Assignment — Range to repeat from the listing below: the line containing "Mimikyu V - 068/172" down to the line containing "Betso88 Fishing Game", both included. Copy it exactly, pictures excluded, and add nothing else.

BEGIN Task material

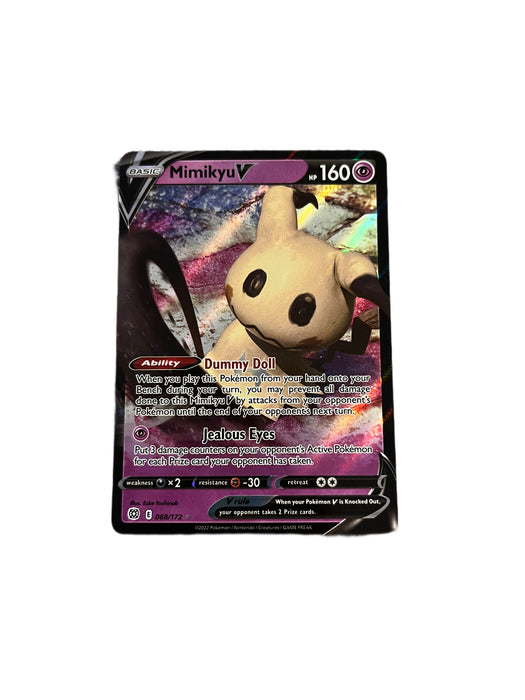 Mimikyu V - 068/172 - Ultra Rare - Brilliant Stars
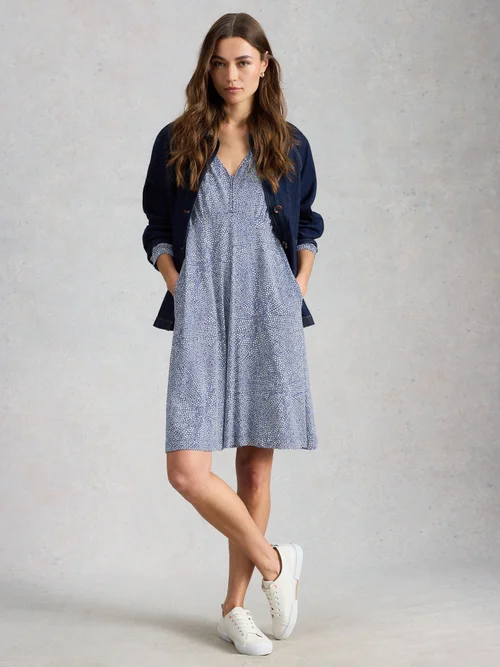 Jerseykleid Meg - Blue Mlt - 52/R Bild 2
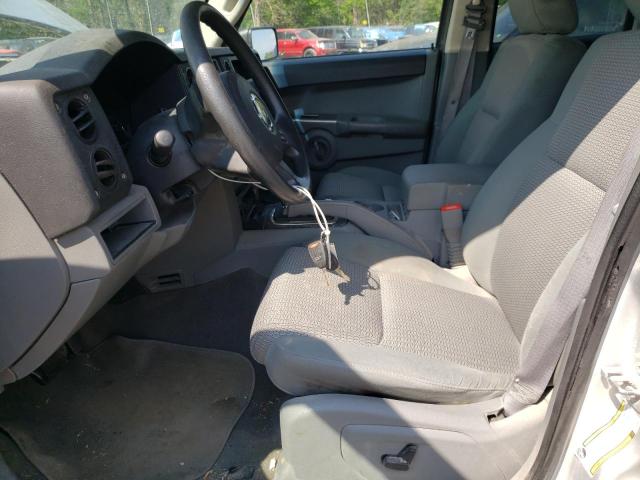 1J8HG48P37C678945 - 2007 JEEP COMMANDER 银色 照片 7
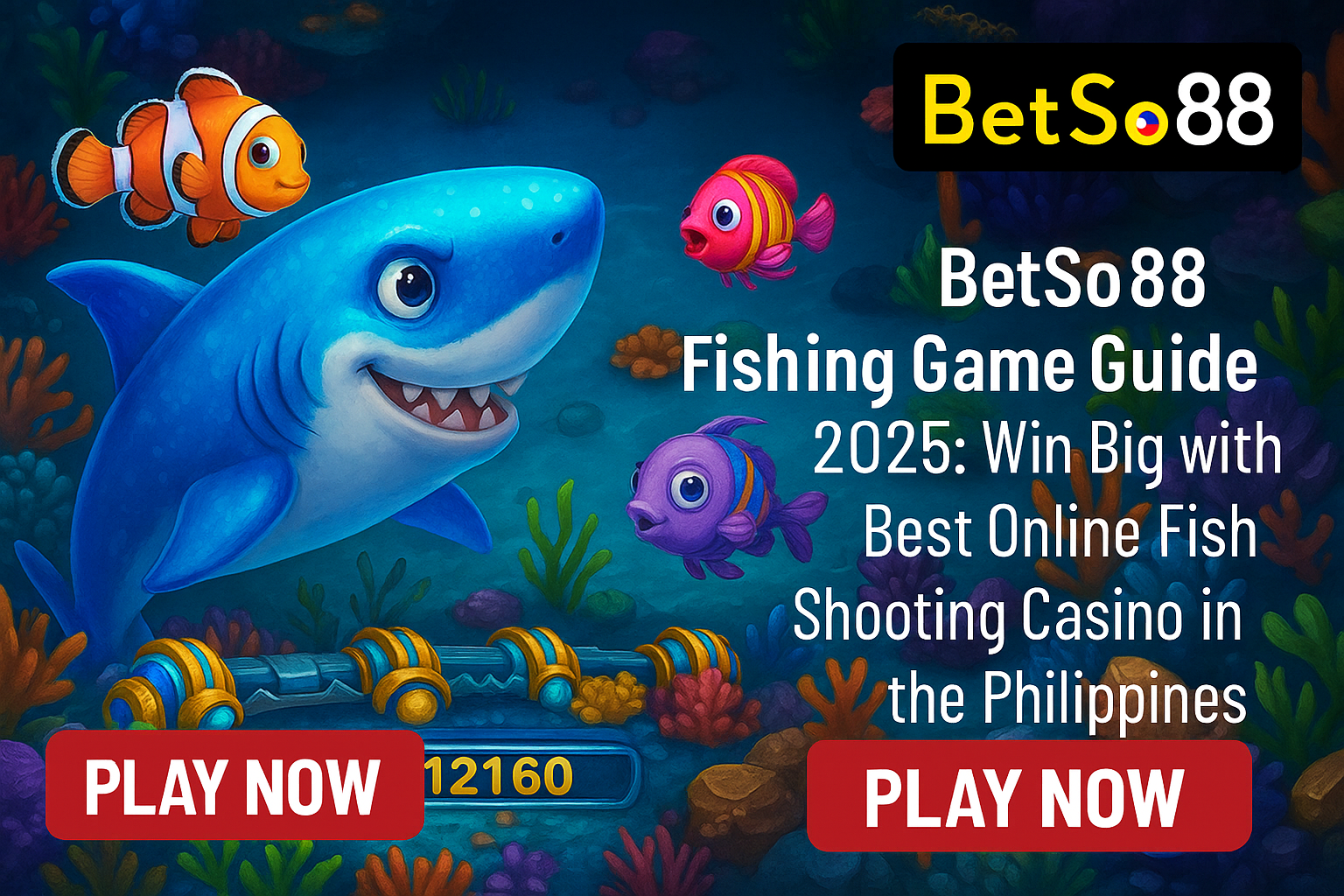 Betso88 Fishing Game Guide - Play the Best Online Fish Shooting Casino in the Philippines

END Task material
BEGIN Task material

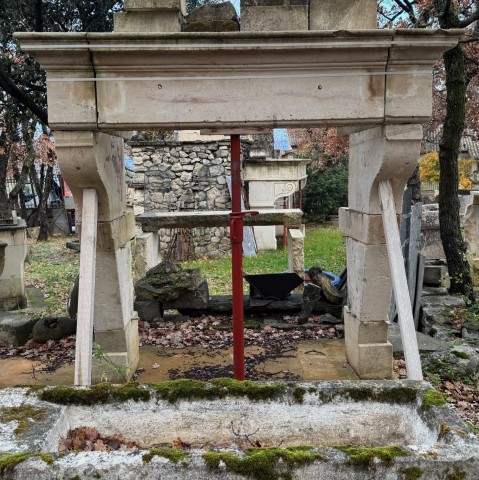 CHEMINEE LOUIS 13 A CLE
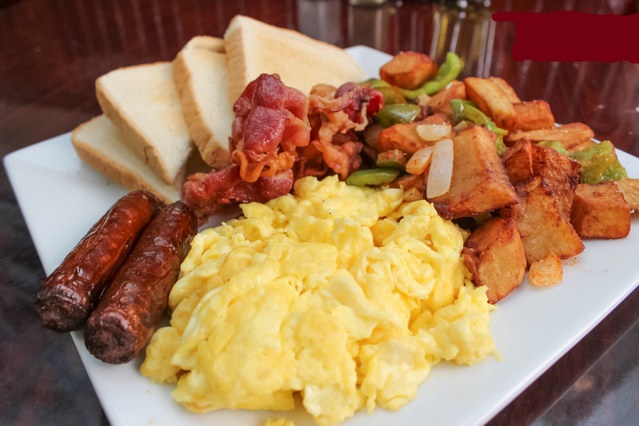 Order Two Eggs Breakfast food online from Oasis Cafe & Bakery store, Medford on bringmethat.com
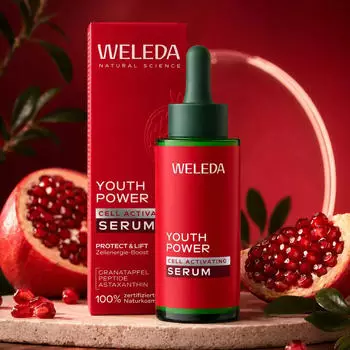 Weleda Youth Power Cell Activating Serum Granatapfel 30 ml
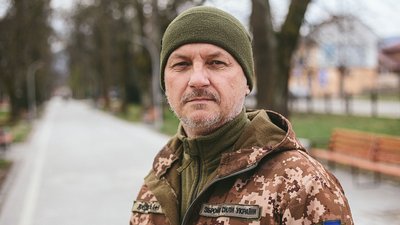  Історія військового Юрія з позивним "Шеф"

END Task material

Written solution —
 Mimikyu V - 068/172 - Ultra Rare - Brilliant Stars
 Jerseykleid Meg - Blue Mlt - 52/R Bild 2
 1J8HG48P37C678945 - 2007 JEEP COMMANDER 银色 照片 7
 Betso88 Fishing Game Guide - Play the Best Online Fish Shooting Casino in the Philippines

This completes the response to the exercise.